The prosecutor's finding on Thursday was a major victory for the current Peruvian government's attempt to force him to answer those charges.
"Time has showed us correct, and now we must allow Chilean justice to act," Peruvian foreign minister José Antonio Garcia Belaúnde told reporters in Lima.
The 50-page extradition finding by Chilean state prosecutor Mónica Maldonado is nonbinding, but authorities said it will hold great sway with the tribunal assigned to decide on the extradition request. The prosecutor found that Peru had submitted sufficient evidence to warrant extradition of Mr Fujimori for both corruption and violations of human rights.
Peruvian authorities say Mr Fujimori embezzled millions of dollars from the country while he was president and that he bears responsibility for two massacres, one at a university campus and one in a Lima neighbourhood, Barrios Altos, that left a total of 25 people dead.
Some of the embezzled funds allegedly ended up in the hands of Mr Fujimori's ex-intelligence chief, Vladimiro Montesinos, now imprisoned in Lima on corruption, arms smuggling and other charges.
The extradition process, which has already lasted 18 months, has been an extremely sensitive matter among two neighbouring, but rival nations. Chile and Peru have a disputed maritime boundary and lingering bad blood from a 19th-century war won by Chile, resulting in it annexing a large chunk of Peruvian territory.

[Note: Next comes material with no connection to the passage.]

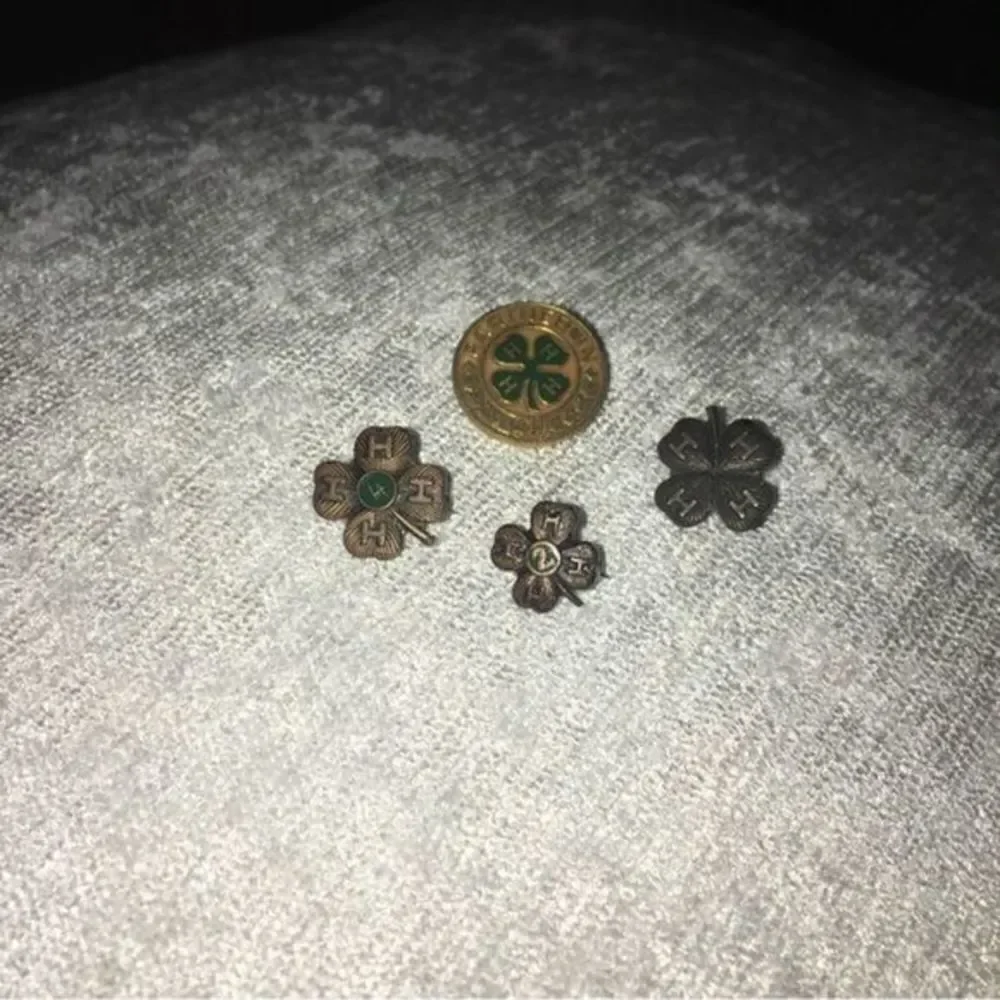 4H Bundle Of Gold Vintage Brooches - Picture 3 of 6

Mr Fujimori's lawyer, Francisco Velozo, downplayed the result as a "necessary step," but stressed that it was far from the end of the matter. Mr Fujimori's daughter, Keiko Fujimori, a Peruvian MP, said she had spoken with her father, who is free on bail.
"We're keeping up a positive spirit," she said in Lima.
Relatives of people slain during Mr Fujimori's regime were planning a march in front of the Chilean embassy in Lima to demand that the ex-president be brought back to face trial.